→ INFORMATION:
>>>>>

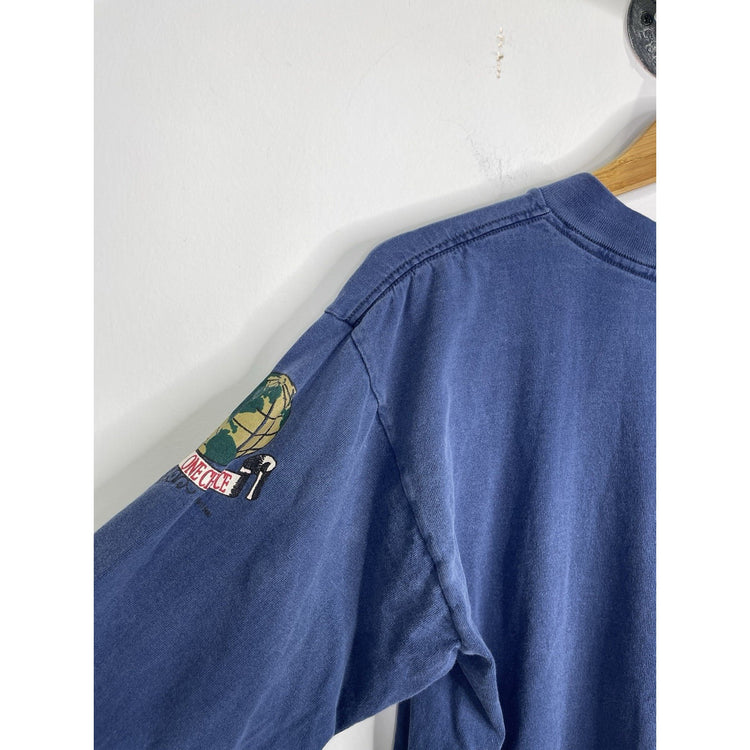 Men’s Blue Vintage Endangered Giant Panda Grapichic Long Sleeve Shirt Sz Medium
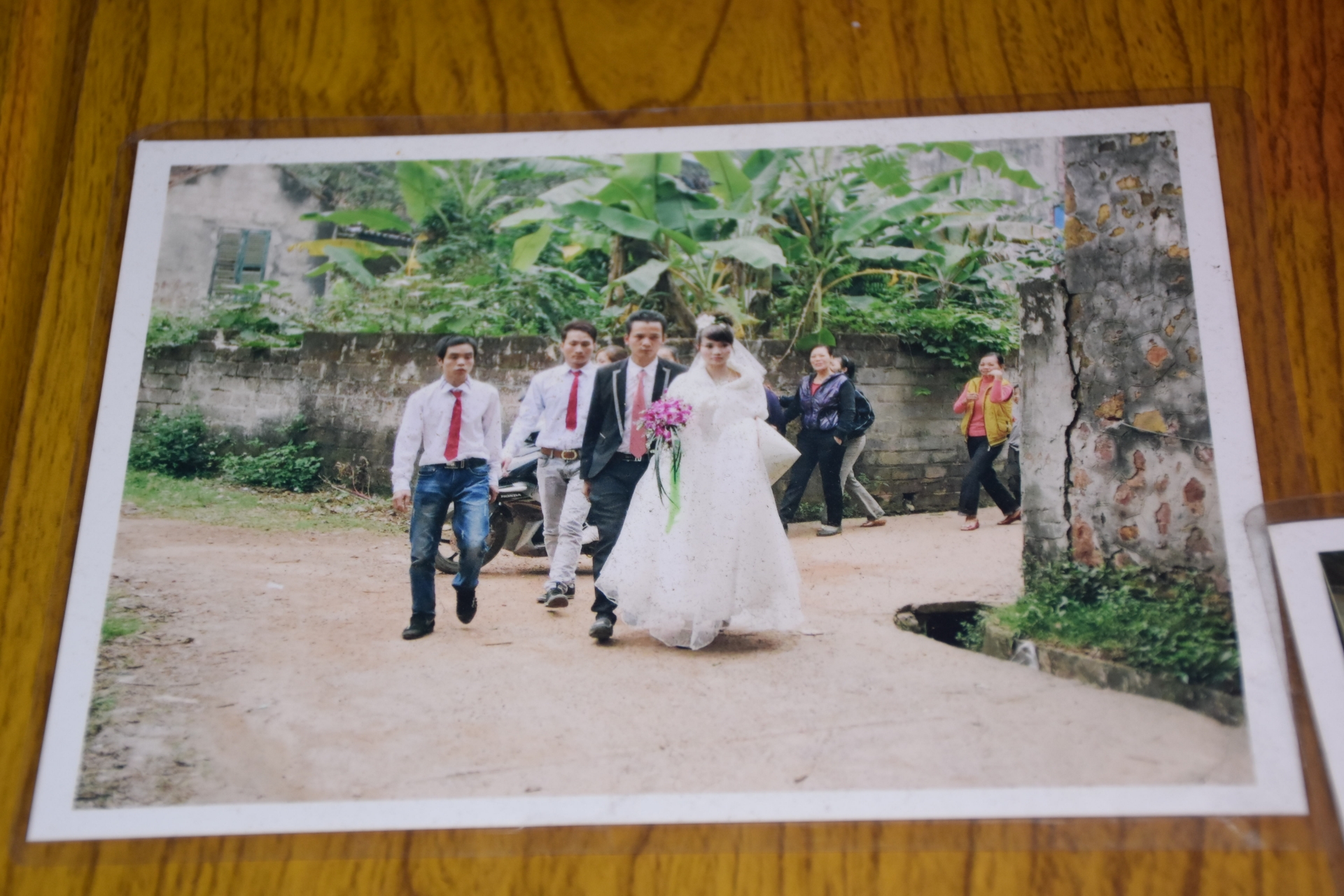 vu 149 cong nhan vmep dot nhien bi sa thai guong mat cua mot noi buon tuoi tre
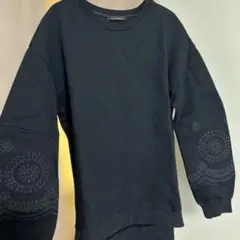 刺繍入り黒長袖トレーナーのサムネイル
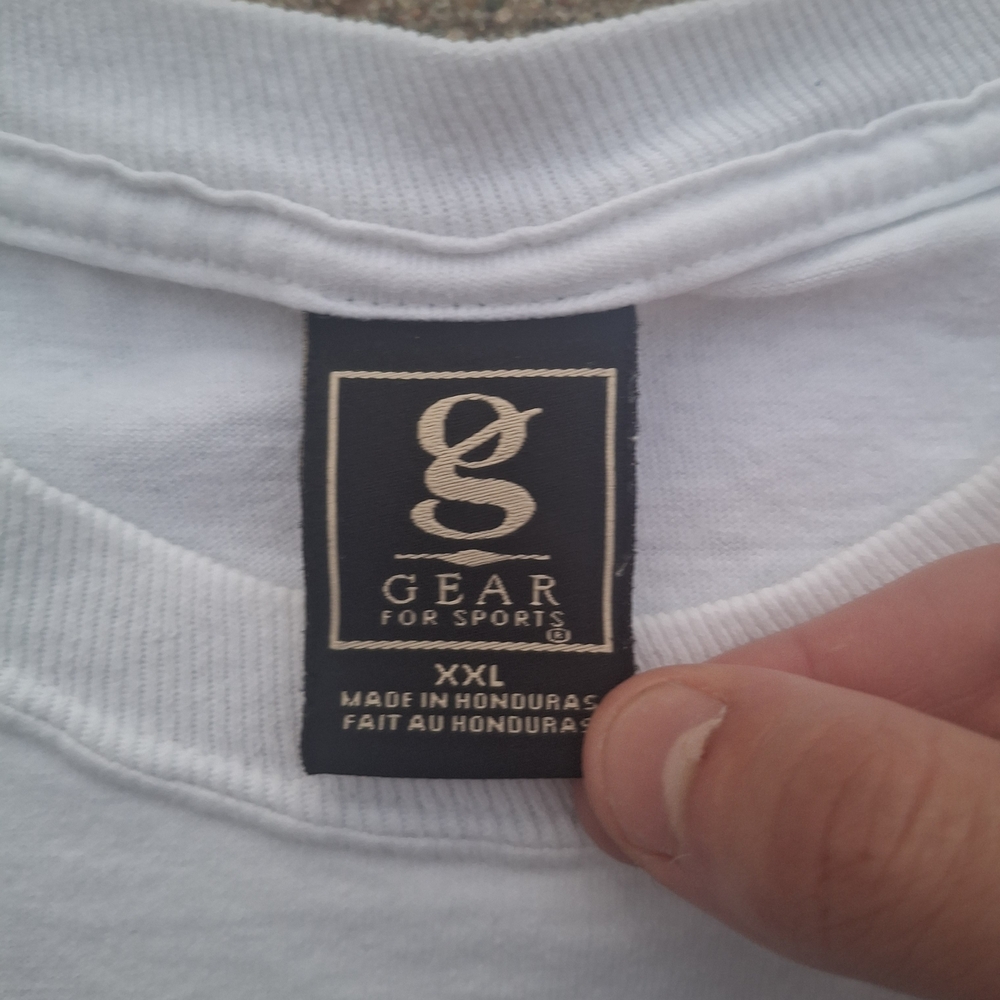 Vintage Enchantment of the Seas Crew T-shirt - Picture 3 of 4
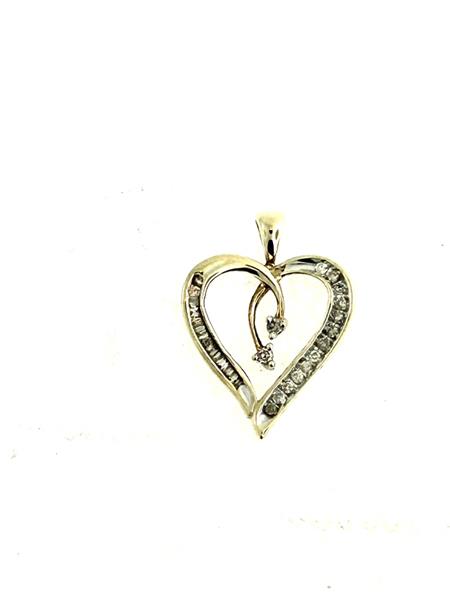 30 Diamonds .30 Carat T.W. 10K Yellow Gold 1.3g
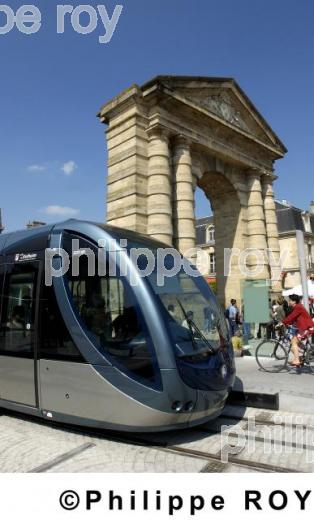 Le tramway de Bordeaux (33F04317.jpg)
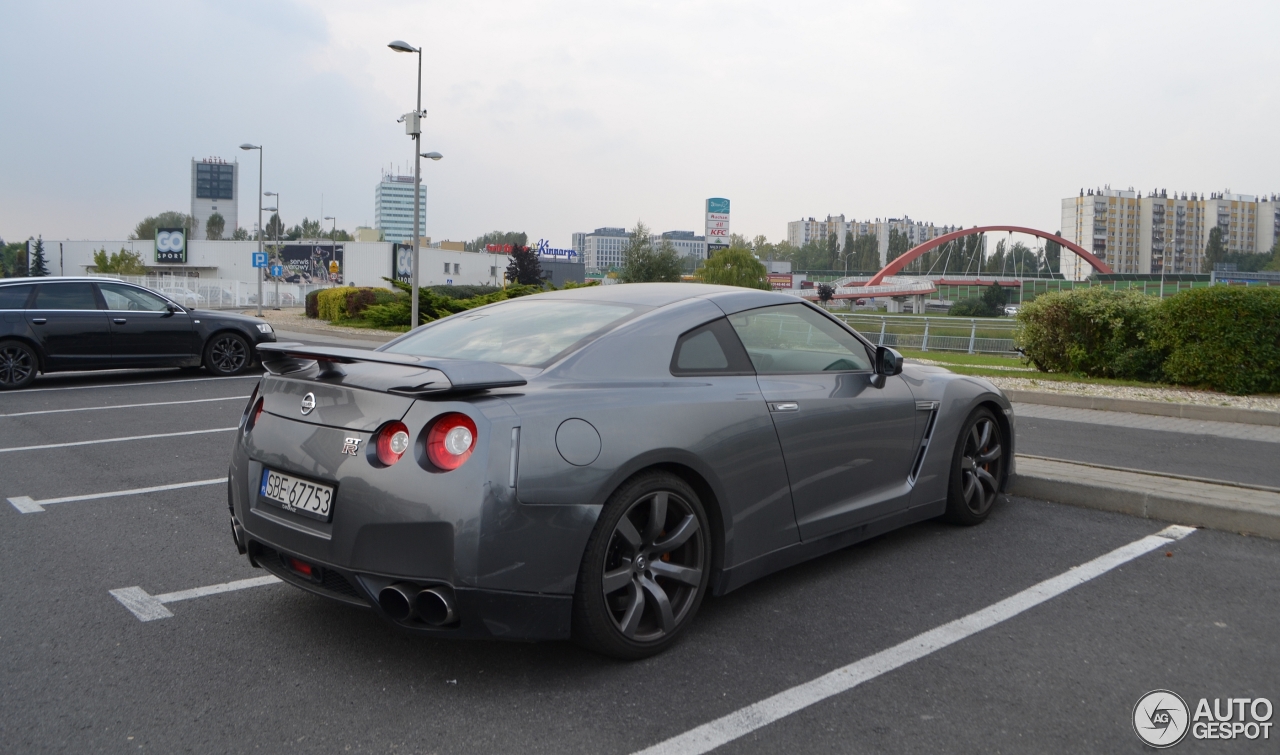 Nissan GT-R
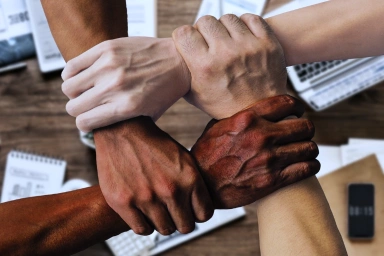 有道翻译企业版企业协同 - 同传翻译、企业账号 | youdao-m.com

<<<<<

→ EXERCISE INSTRUCTIONS: From the line with "30 Diamonds .30" to the final line of the records, inclusive, set down the lines exactly and add nothing; leave every picture out.

→ RESULT OF THE TASK:
 30 Diamonds .30 Carat T.W. 10K Yellow Gold 1.3g
 Le tramway de Bordeaux (33F04317.jpg)
 Nissan GT-R
 有道翻译企业版企业协同 - 同传翻译、企业账号 | youdao-m.com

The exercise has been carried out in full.